I Don’t Want to Talk about Innovation: A Talk about Innovation

From the HowlRound blog, an essay from Todd London, author of The Artistic Home:

Artists innovate every day, because what they make, they make up. How do they innovate? Trial and error, mostly, boring hours alone or with other artists. Years facing their own limitations. The real work of innovation is theirs, alone or together. It is organic and ongoing, one bold or tentative foot in front of another. Try to find funding in innovation-land for persistent effort and incremental breakthrough.

Why fetishize innovation? Why not excavation, elaboration, celebration? Not all artistic enterprises, not all historical moments, demand radical departure. More often than not, the new is actually something old, something other, that we’ve previously refused to hear, like all those voices struggling to be heard through the thick white walls of our institutions. But we want our innovations new, even if they’re flatuous, a word which, if you don’t know, means gassy, inflated, and fatuous. I just innovated it.

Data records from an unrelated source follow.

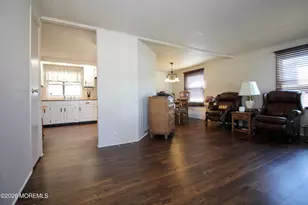 606 Jerome Pl, Freehold, NJ 07728 - Photo 7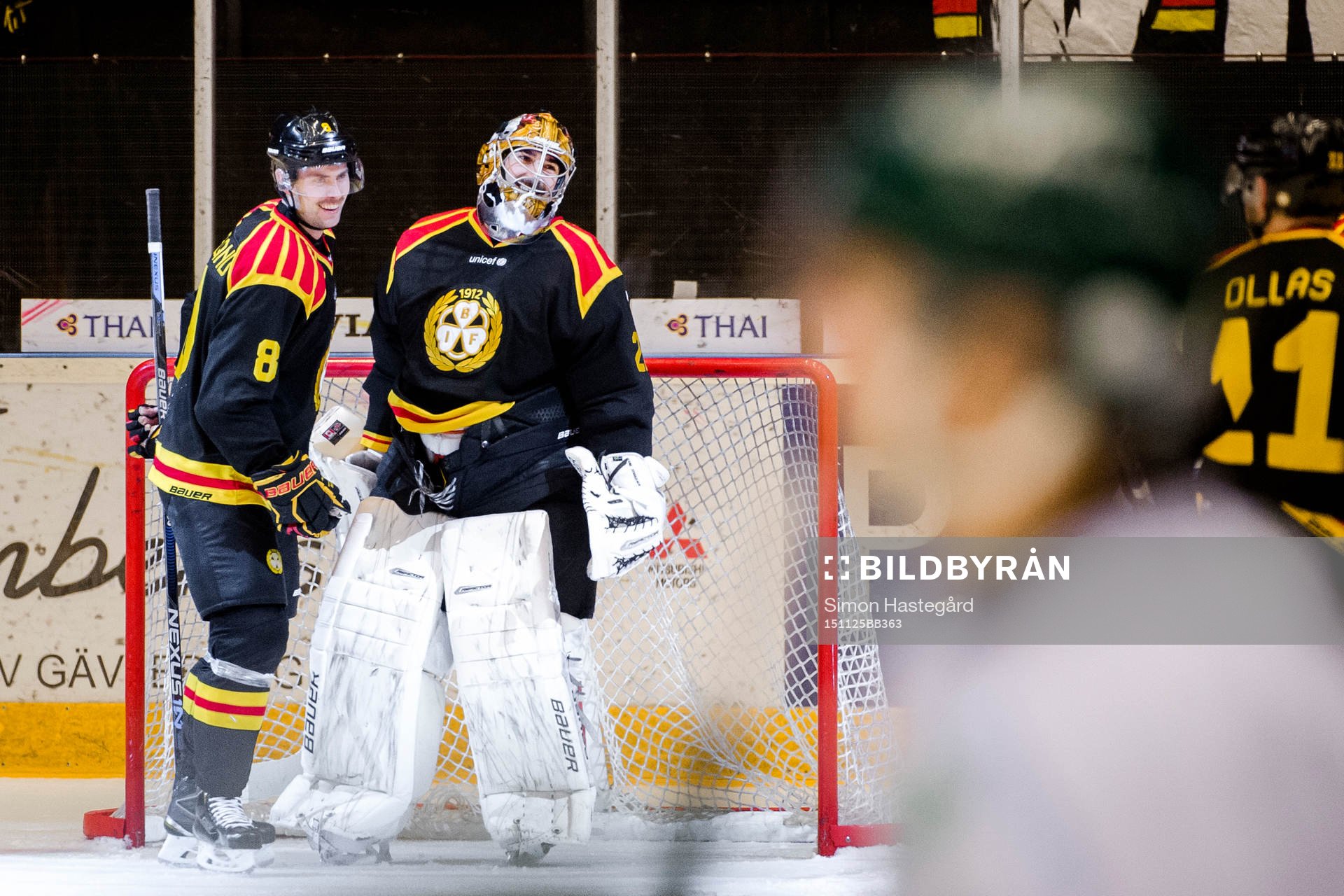 Brynäs Mathias Porseland och målvakt Bernhard Starkbaum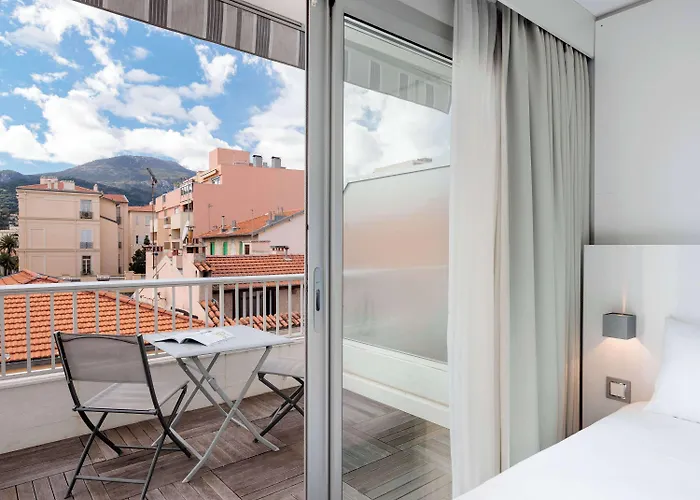 Ibis Styles Centre 3*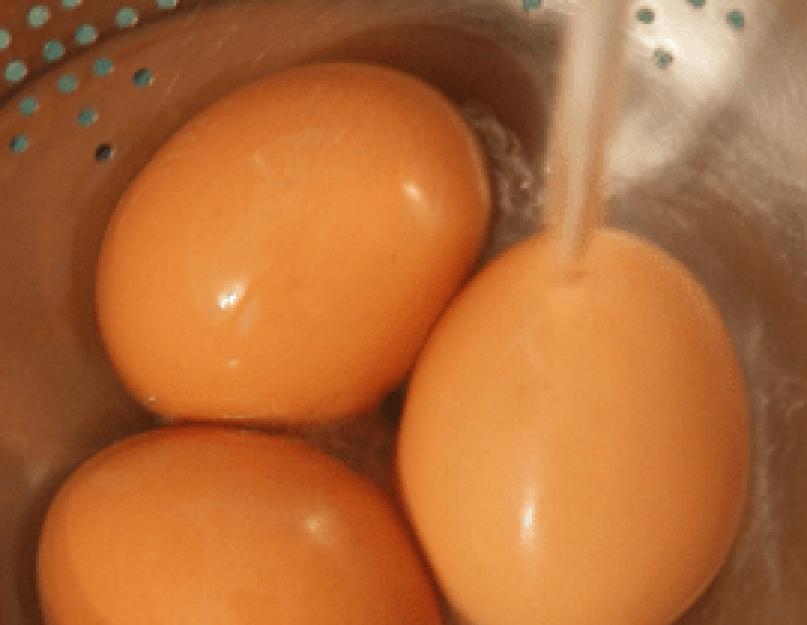 Yumurtalar çatlamadan nasıl haşlanır?  Haşlanmış yumurtalar çatlamadan nasıl pişirilir?  Yeşilliklerle mermer rengi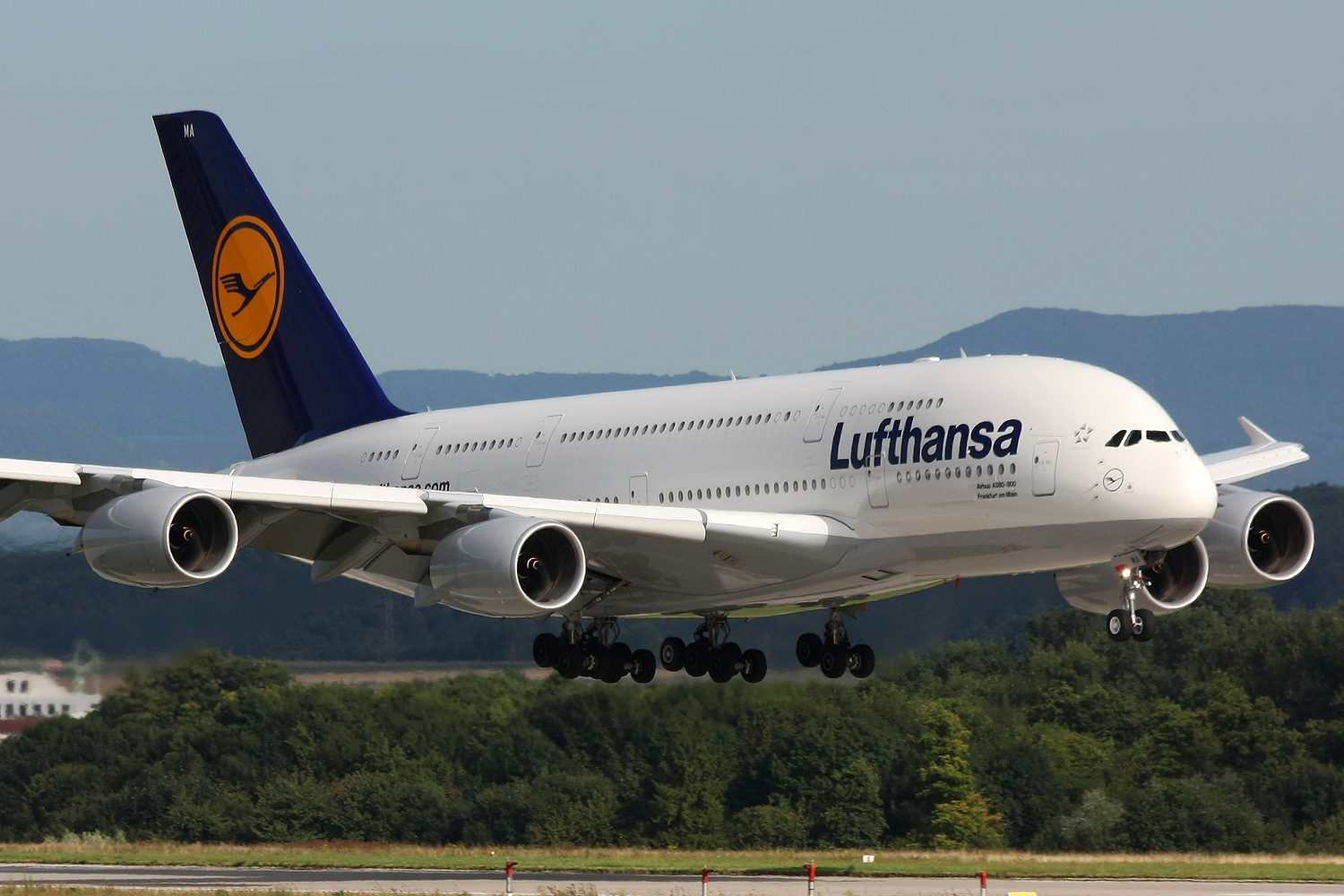 UPDATE 1-Europe gives up gains as earnings disappointments from Lufthansa, BNP Paribas weigh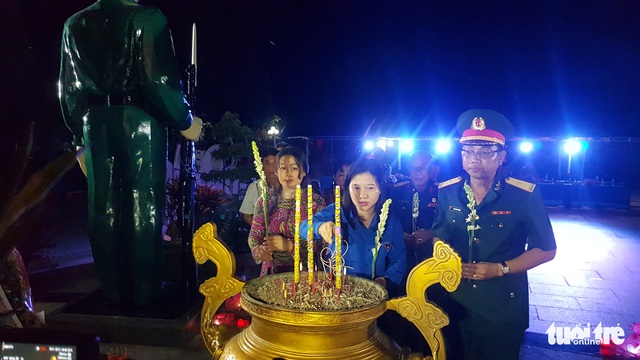 Trên 500 đoàn viên thắp nến tri ân tại nghĩa trang Dốc Bà Đắc - Ảnh 3.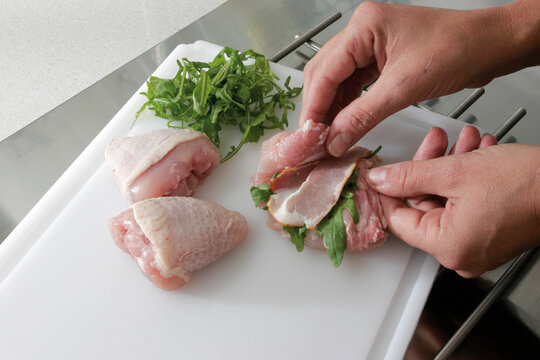 Pollo relleno de beicon y r&uacute;cula. Chicken stuffed with bacon and arugula.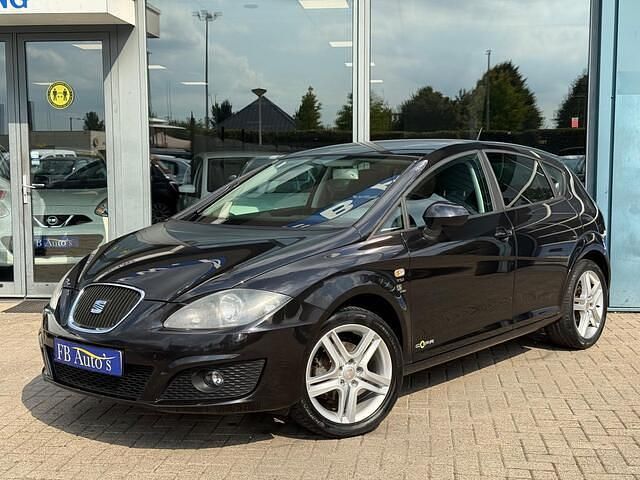 Zwart Gebruikt 2011 Seat Leon Copa Hatchback | € 5.950 (Iets duurder) - Afbeelding 1/4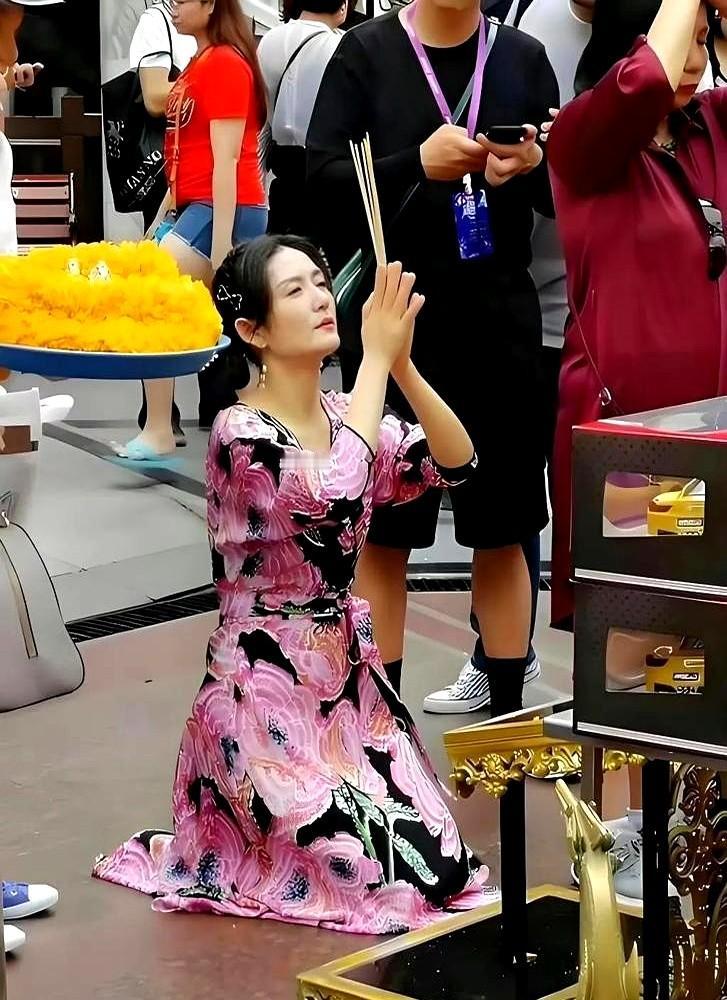 越有钱的人，越信这些东西？

谢娜和张杰两口子，事业家庭啥都不缺，还是悄悄跑去泰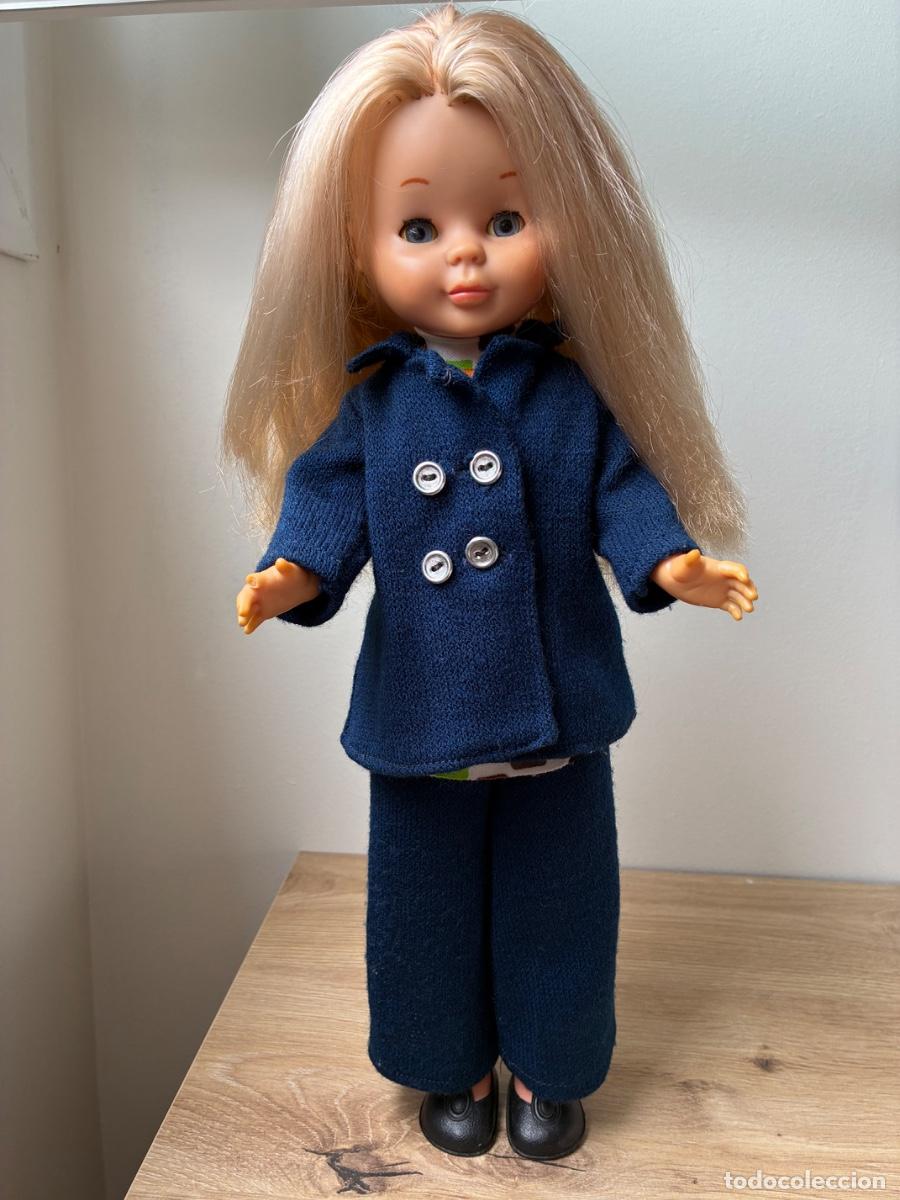 Poup&eacute;es Nancy et Lucas: Nancy Famosa 1972 perfecta - pelo sedoso - conjunto pantal&oacute;n n7 - dedos separados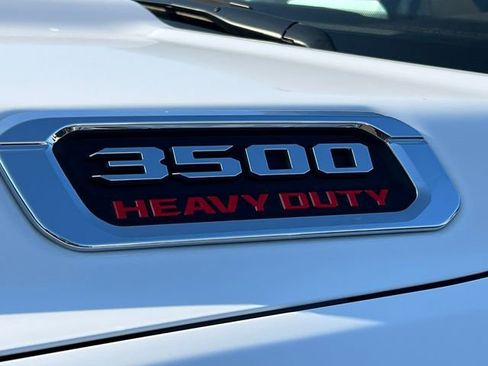 Used 2025 RAM 3500 Longhorn image 63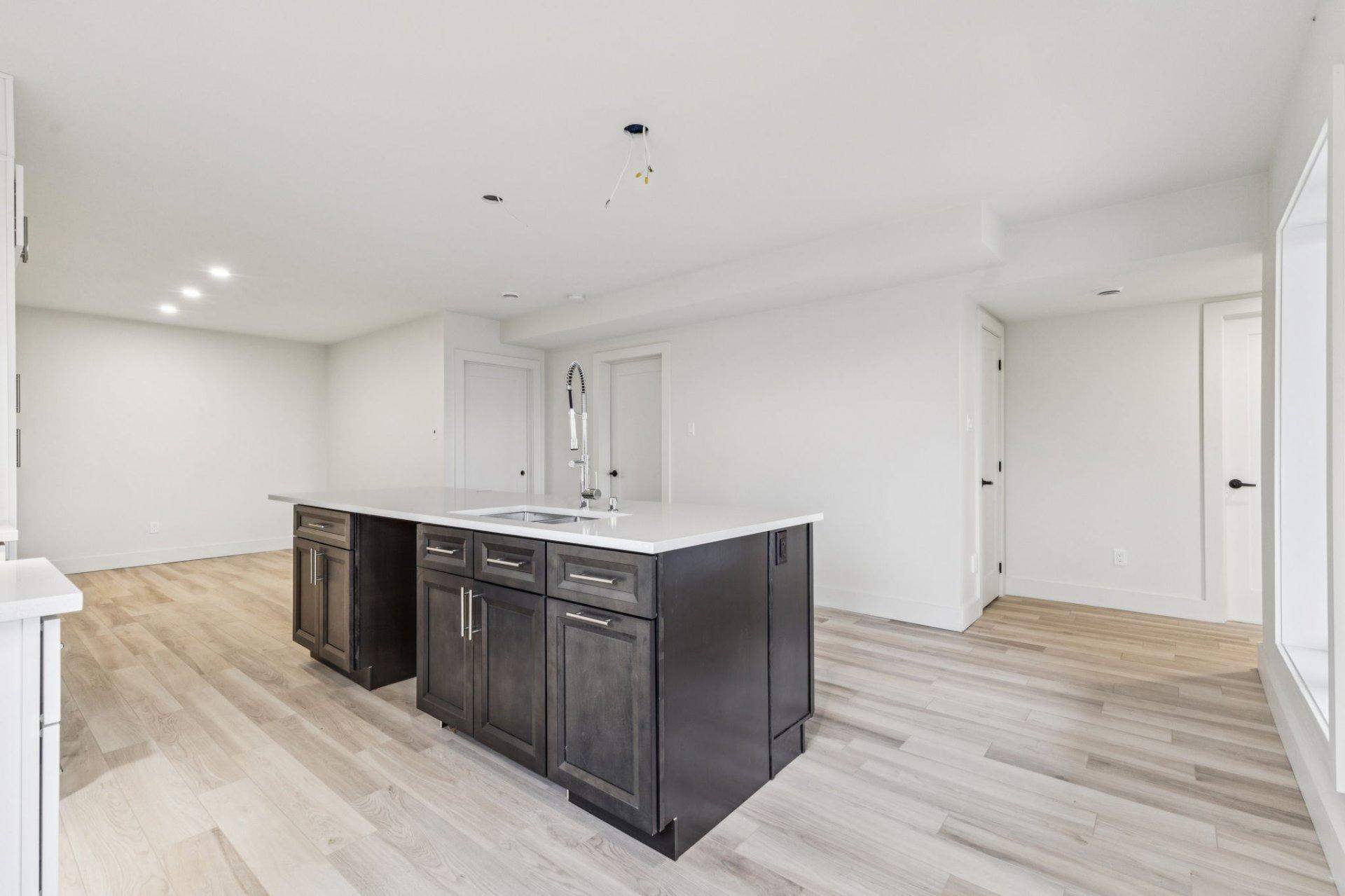 









21


Ch. du Panorama

,
Grenville-sur-la-Rouge,




QC
J0V1B0

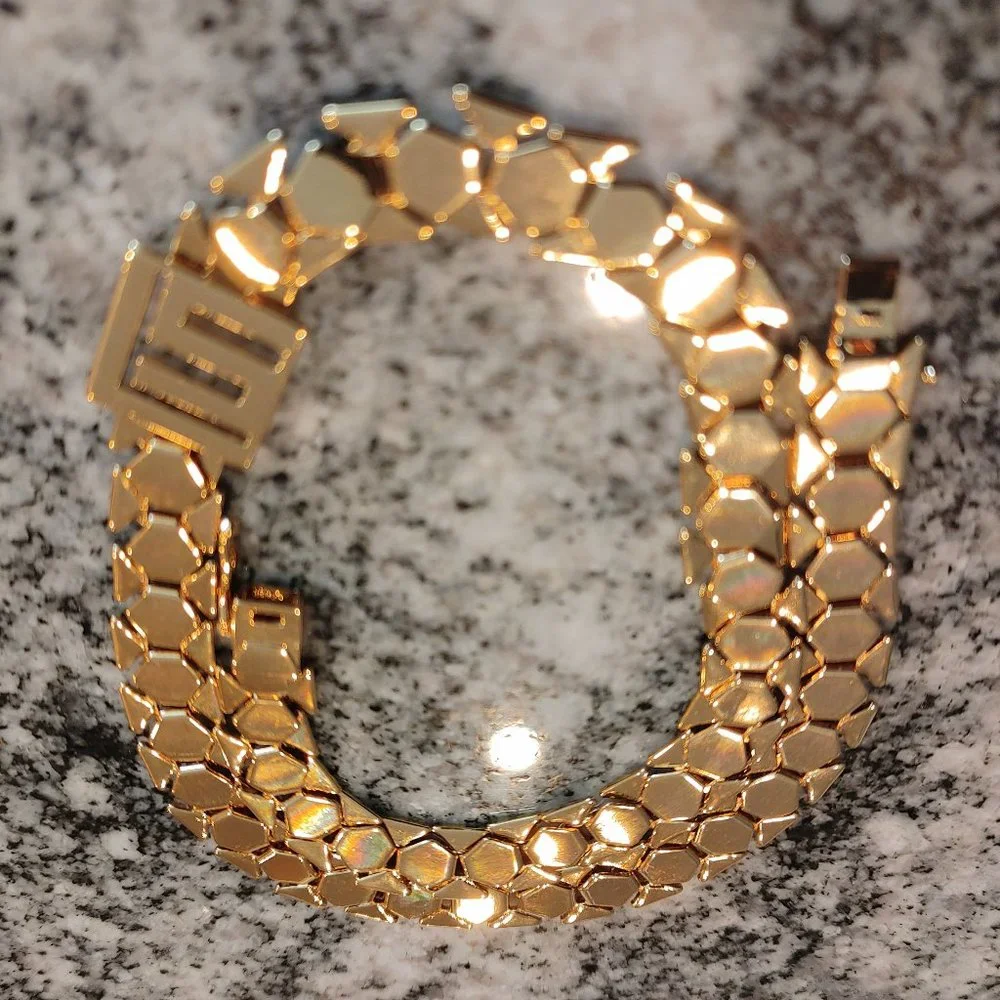 NWOT Women's chain necklace. Gold tone, with closure on back. - Picture 4 of 13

There’s another crusty word out there: leadership. If art is led by artists, why is the leader label applied mostly to us administrators? What would it mean to let them lead? How can we reimagine—innovate if we must—a way forward in which artists curate work, determine who gets funded, and choose the place that will house their work, rather than the other way around.

W. McNeill Lowry, the first great funder of the nation’s not-for-profit arts from his perch at Ford, wrote “At its most basic level, art is [...] about the surge of artistic drive and moral determination.[...] And philanthropy, in the arts at least, is professionally motivated only when it accepts the artist and the arts on their own terms, and learns from the artist himself at least to recognize the atmosphere in which the artistic process is carried out.”

What an innovative idea: ask artists what they need, what they wish for, what they have. Let that guide practices. Let that guide funding. This is the new thing we’ve been trying to figure out over the past sixty-five years at New Dramatists—sometimes disastrously and sometimes happily—how to listen and how, with limited means, to make small adjustments with big impact.